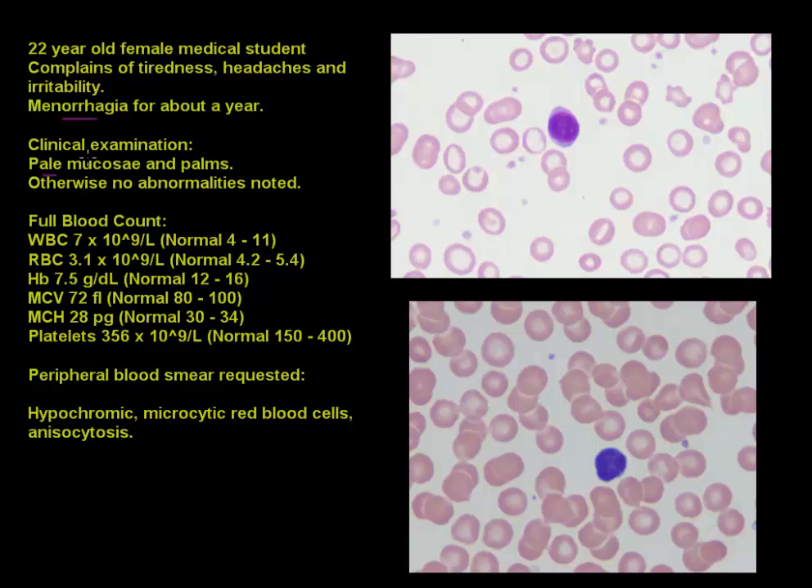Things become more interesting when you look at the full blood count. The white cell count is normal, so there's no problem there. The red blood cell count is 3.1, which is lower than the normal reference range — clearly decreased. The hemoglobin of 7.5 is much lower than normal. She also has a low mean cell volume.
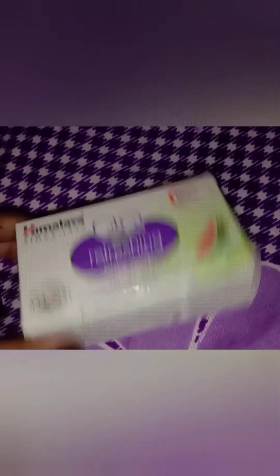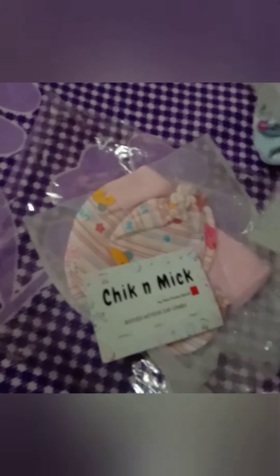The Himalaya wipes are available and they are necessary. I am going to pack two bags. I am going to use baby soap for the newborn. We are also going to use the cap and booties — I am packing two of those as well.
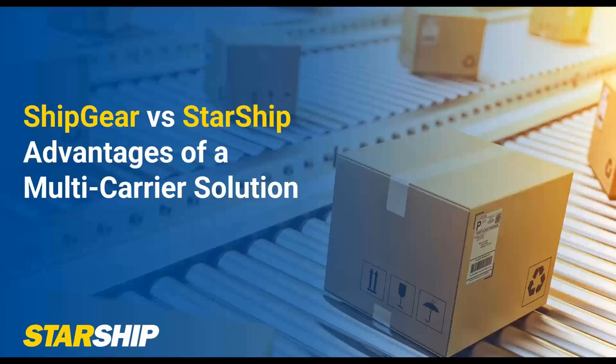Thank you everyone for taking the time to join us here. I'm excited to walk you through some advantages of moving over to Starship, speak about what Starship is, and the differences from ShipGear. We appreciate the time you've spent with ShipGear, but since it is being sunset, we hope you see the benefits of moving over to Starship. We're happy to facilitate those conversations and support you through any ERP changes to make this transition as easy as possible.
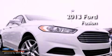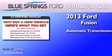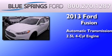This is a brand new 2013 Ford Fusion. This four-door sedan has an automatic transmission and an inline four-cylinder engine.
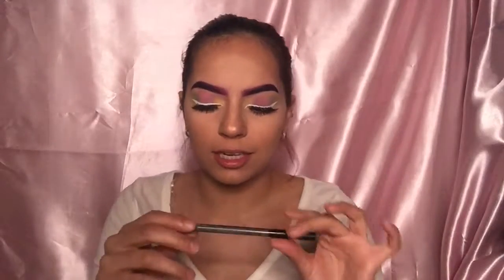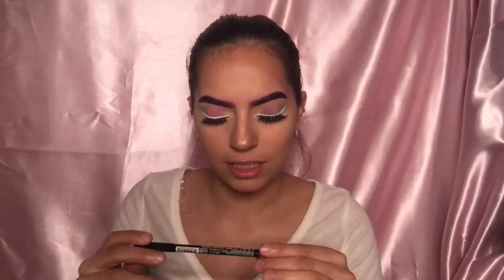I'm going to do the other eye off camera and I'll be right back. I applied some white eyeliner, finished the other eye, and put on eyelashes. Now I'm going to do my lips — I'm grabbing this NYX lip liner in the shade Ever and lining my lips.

...

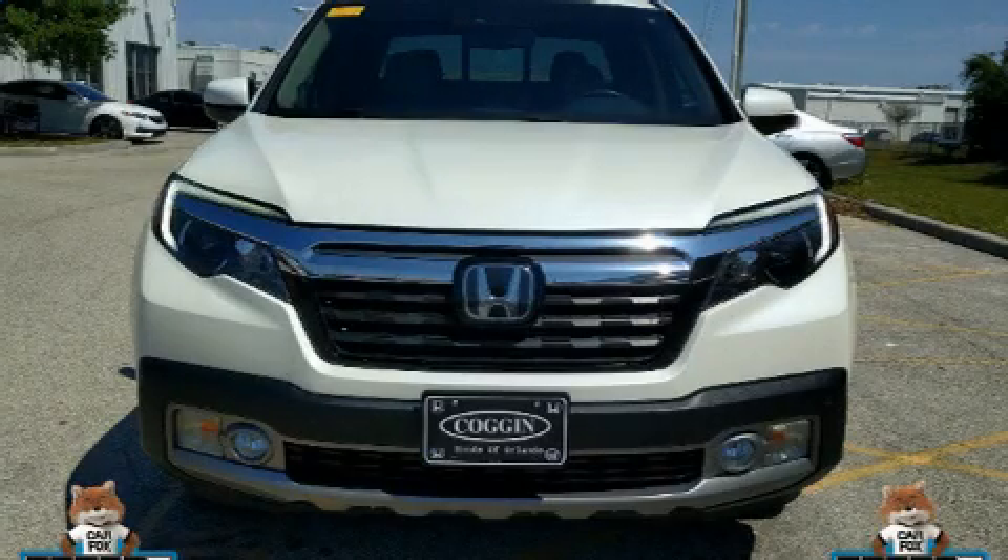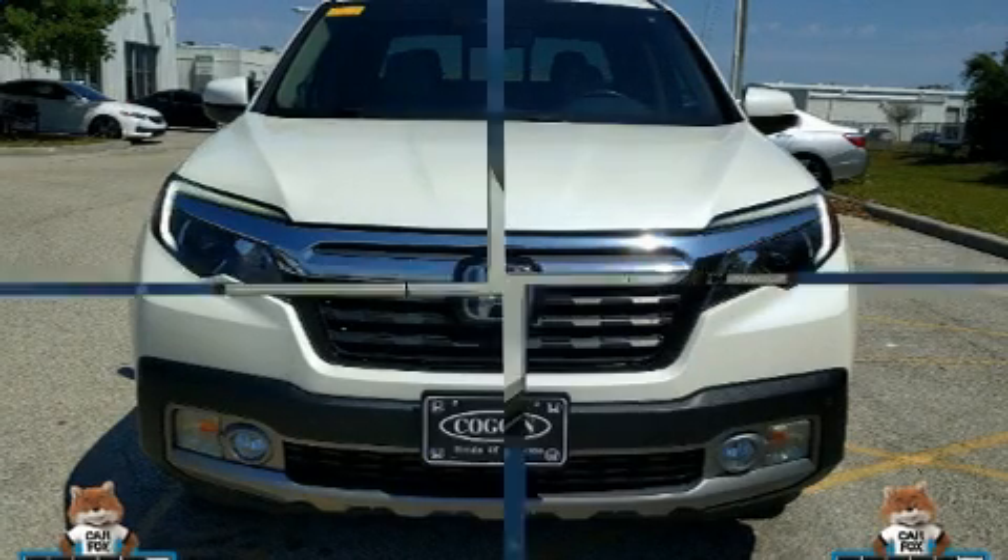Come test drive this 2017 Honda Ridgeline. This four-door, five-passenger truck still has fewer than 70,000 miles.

- Assignment -
Copy word for word the lines above, starting at the line containing "This is a brand" and ending at the line containing "I'm going to do the", inclusive, with no pictures.

- Task response -
This is a brand new 2013 Ford Fusion. This four-door sedan has an automatic transmission and an inline four-cylinder engine.
I'm going to do the other eye off camera and I'll be right back. I applied some white eyeliner, finished the other eye, and put on eyelashes. Now I'm going to do my lips — I'm grabbing this NYX lip liner in the shade Ever and lining my lips.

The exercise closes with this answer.